» PROBLEM STATEMENT
Could you copy the records below exactly, leaving out any pictures?

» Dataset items
|---|
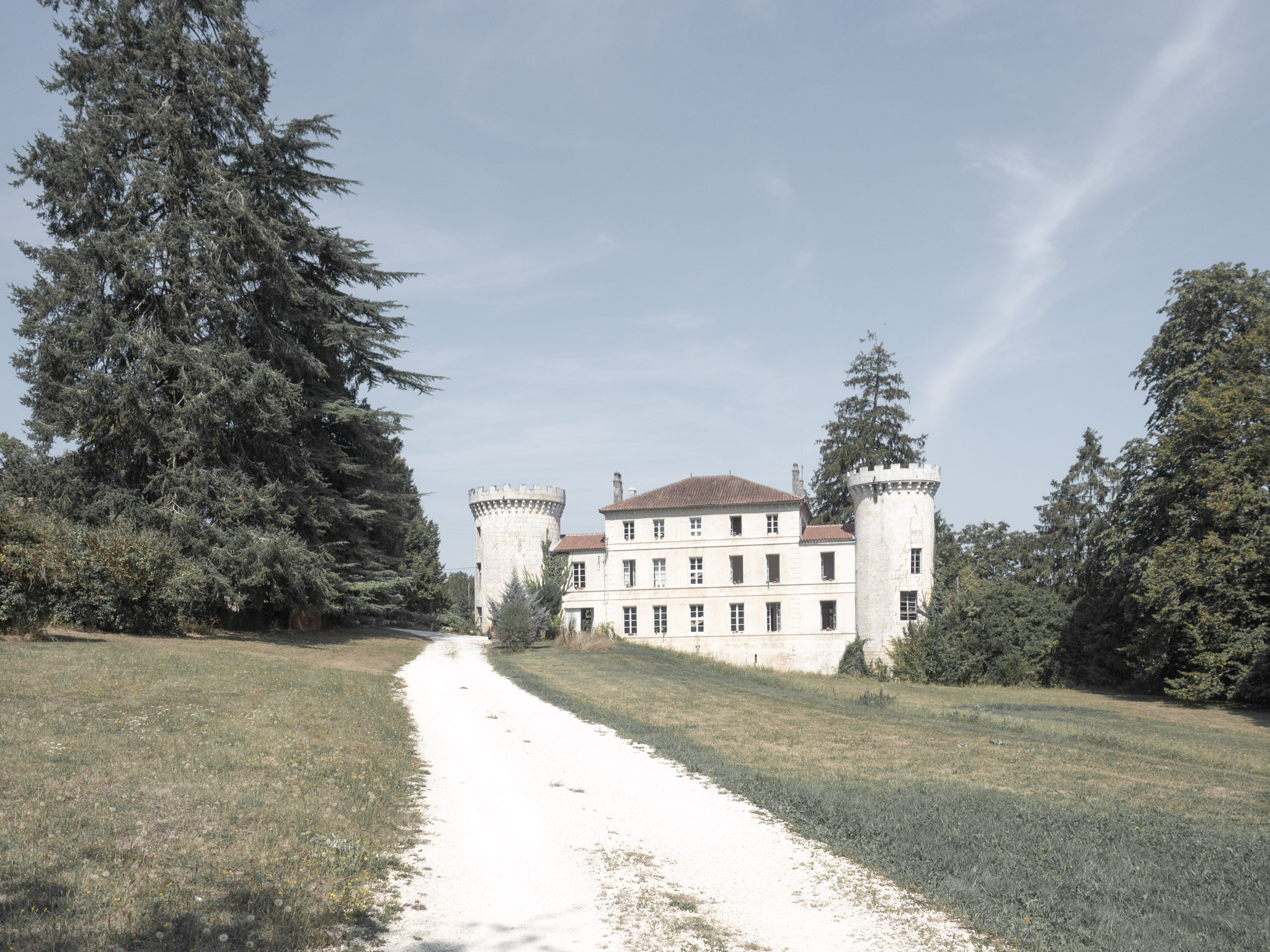 chateau-de-dirac-castle.jpg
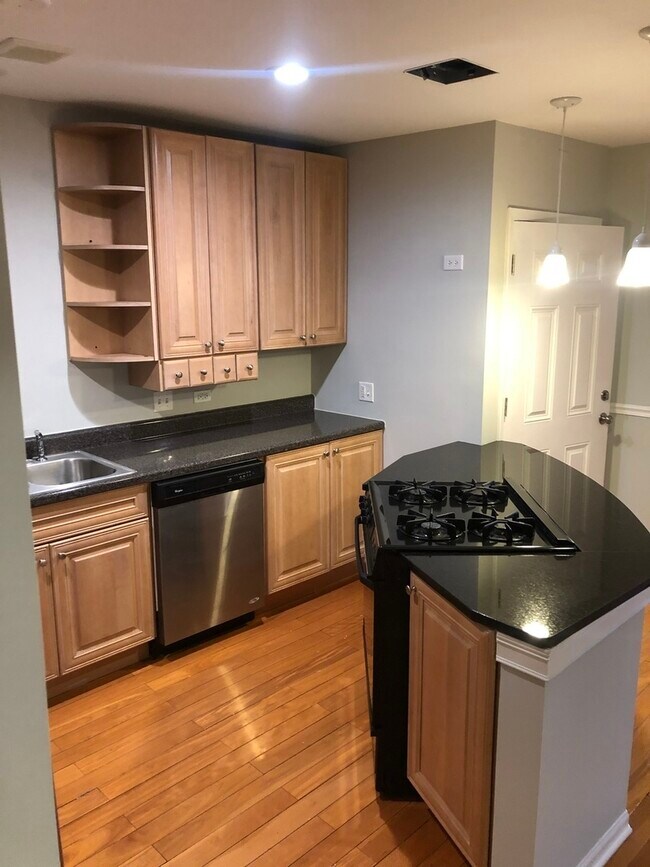 Foto del edificio - 955 N Ashland Ave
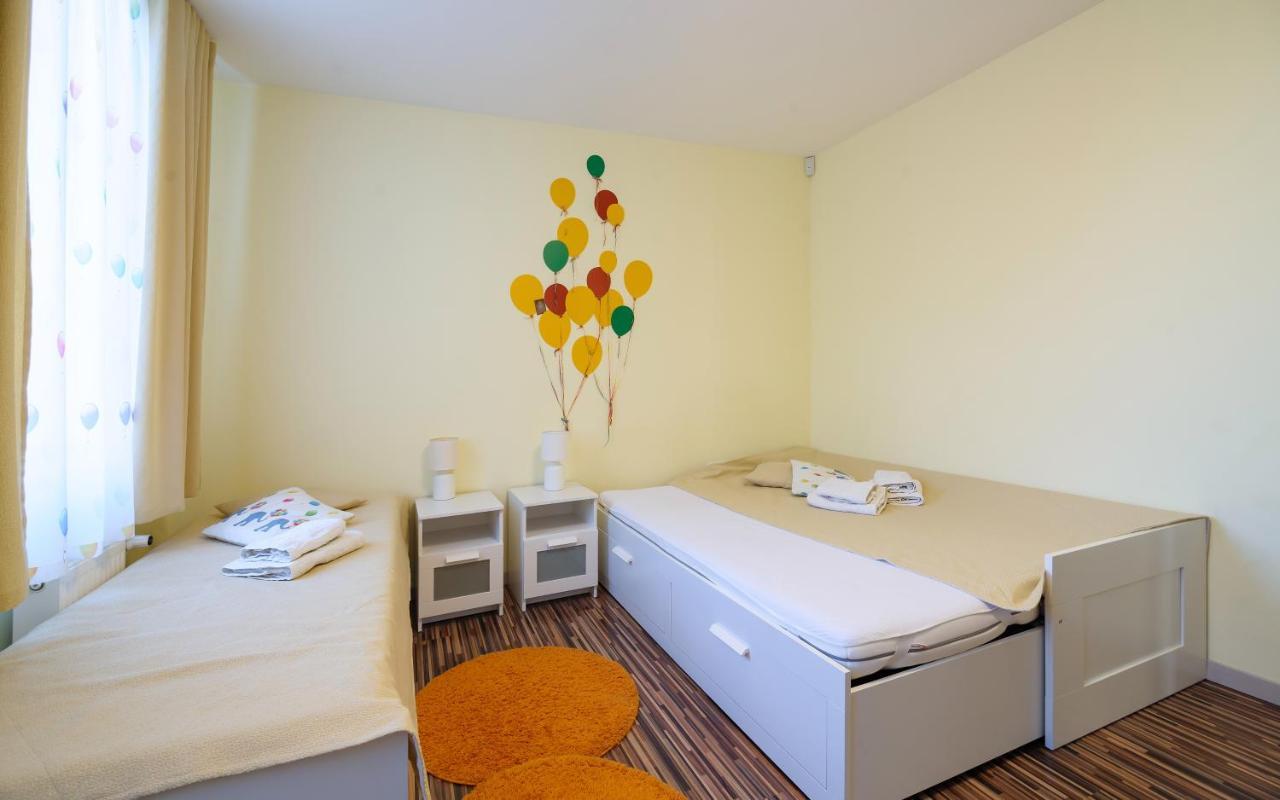 Colored Balloons - 3 Bedrooms, 3 Bathrooms, Equipped Large Apartments Lviv Eksteriør billede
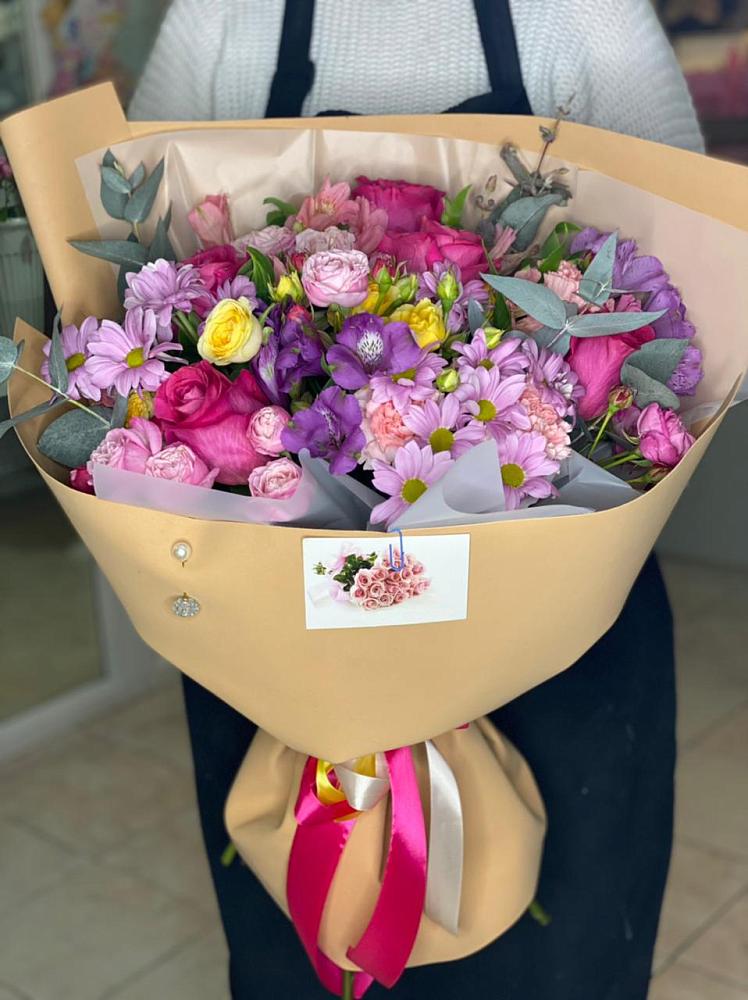 Букет цветов из: Хризантемы, Гвоздики и Альстромерии в Хоре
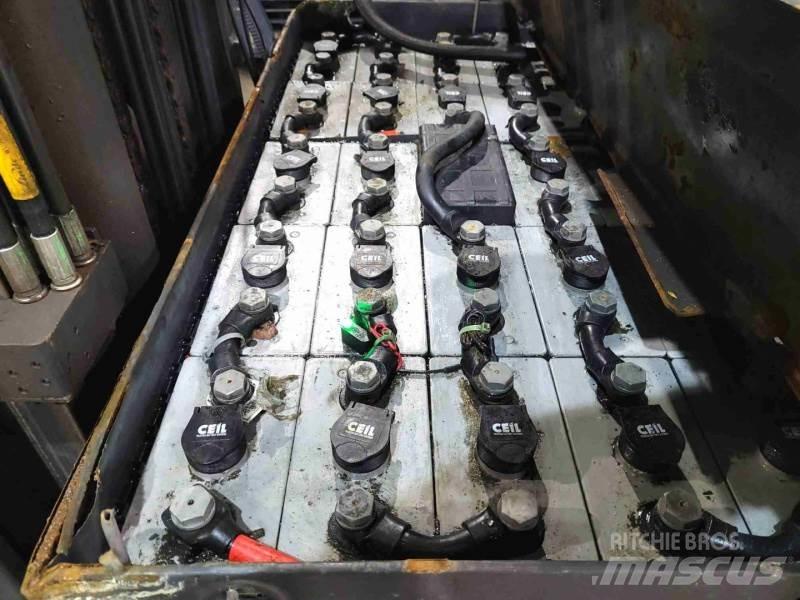 Linde R16N-01 Ανυψωτικά στενών δρόμων
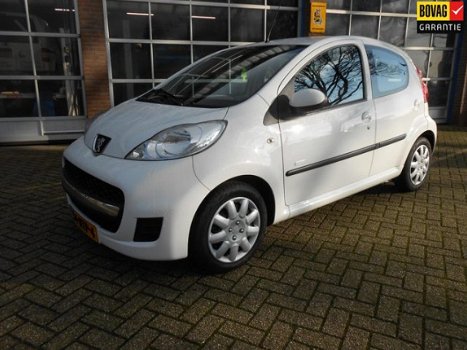 Peugeot 107 - 1.0-12V Millesim 200 - 1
|---|
» SOLUTION
 chateau-de-dirac-castle.jpg
 Foto del edificio - 955 N Ashland Ave
 Colored Balloons - 3 Bedrooms, 3 Bathrooms, Equipped Large Apartments Lviv Eksteriør billede
 Букет цветов из: Хризантемы, Гвоздики и Альстромерии в Хоре
 Linde R16N-01 Ανυψωτικά στενών δρόμων
 Peugeot 107 - 1.0-12V Millesim 200 - 1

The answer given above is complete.